__ASSIGNED TASK__.
The answer must consist solely of the lines from the line with "new 2024 Toyota" to the end of the data below, transcribed exactly and with no pictures.

═════ RAW DATA

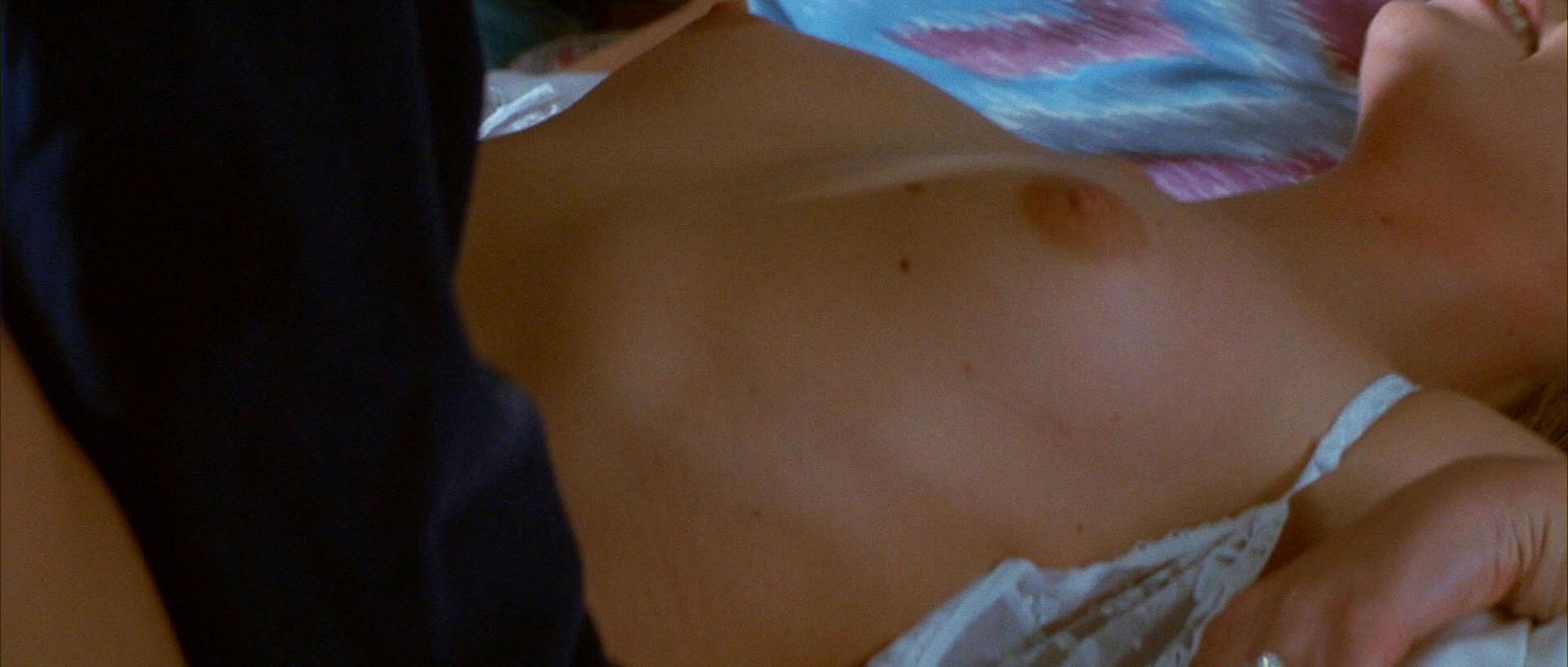 Charlize Theron nude - 2 Days In The Valley (1996)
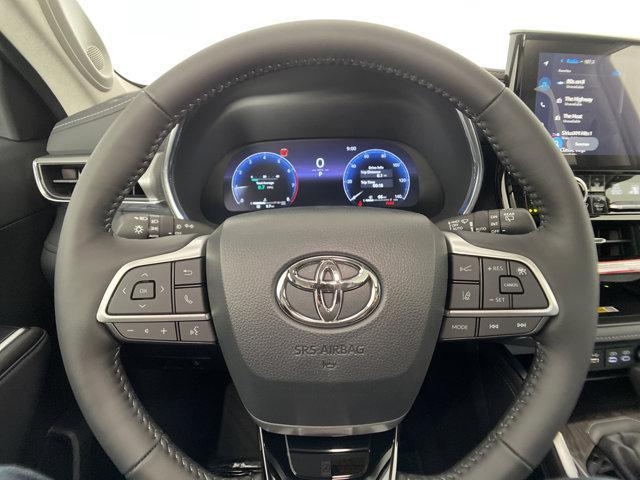 new 2024 Toyota Highlander car, priced at $53,498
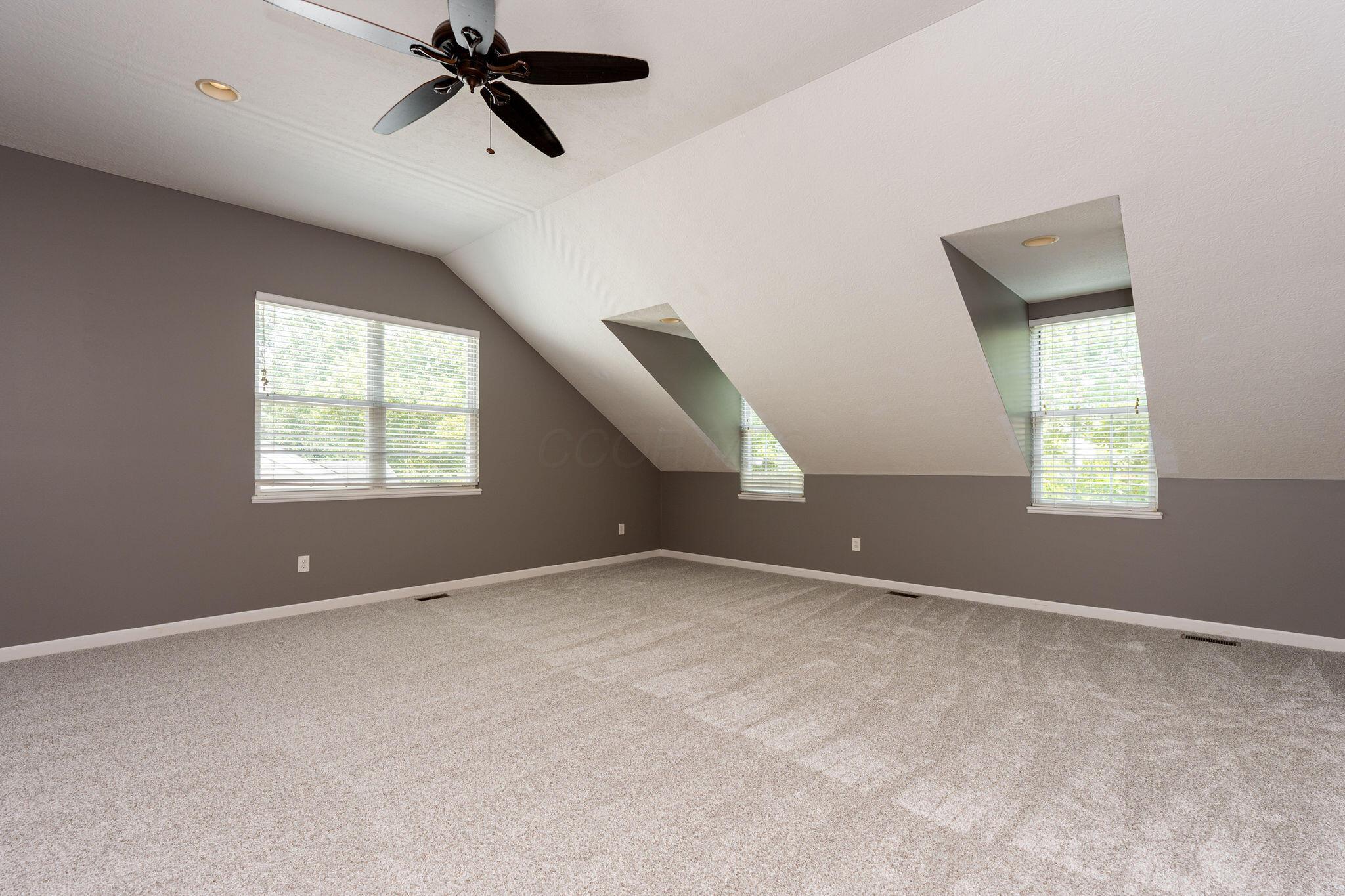 5725 Triplett Square Property Photo 32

══════════

__SOLUTION TO THIS TASK__.
 new 2024 Toyota Highlander car, priced at $53,498
 5725 Triplett Square Property Photo 32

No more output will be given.